• **What the exercise asks**
Locate the line that contains "COACH®,WILLOW SHOULDER BAG" in the entries below, then repeat it and every following line through the line that contains "Fashion Gold Color", exactly, and no others.

== Records shown ==

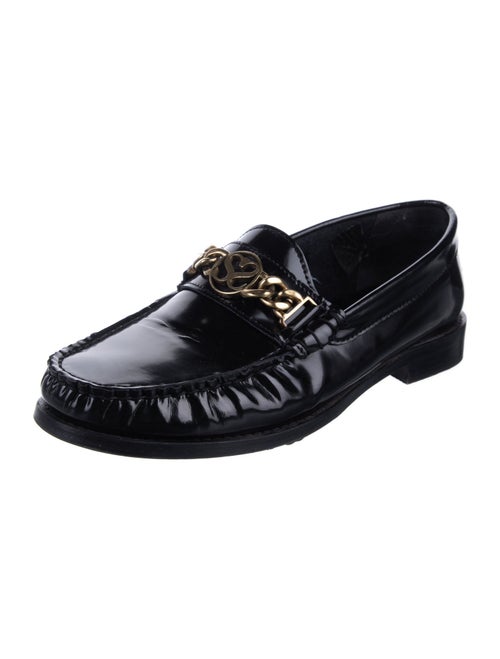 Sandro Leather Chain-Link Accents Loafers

===
== Records shown ==

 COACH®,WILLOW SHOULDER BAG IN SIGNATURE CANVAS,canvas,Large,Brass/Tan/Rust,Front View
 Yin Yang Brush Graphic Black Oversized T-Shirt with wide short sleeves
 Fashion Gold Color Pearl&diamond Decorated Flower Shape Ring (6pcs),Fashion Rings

===
== Records shown ==

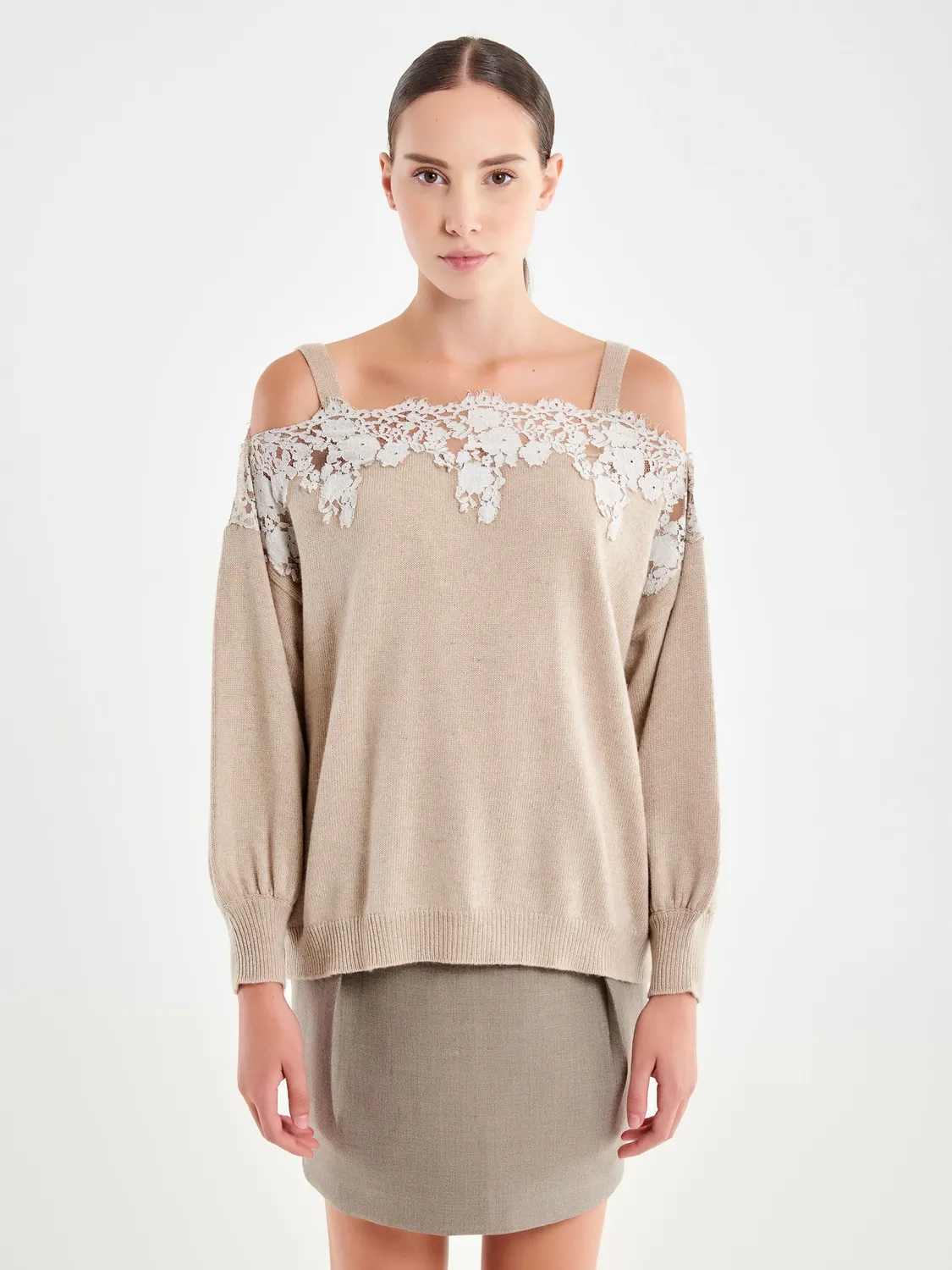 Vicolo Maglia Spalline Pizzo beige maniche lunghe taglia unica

===

• **Exercise result**
 COACH®,WILLOW SHOULDER BAG IN SIGNATURE CANVAS,canvas,Large,Brass/Tan/Rust,Front View
 Yin Yang Brush Graphic Black Oversized T-Shirt with wide short sleeves
 Fashion Gold Color Pearl&diamond Decorated Flower Shape Ring (6pcs),Fashion Rings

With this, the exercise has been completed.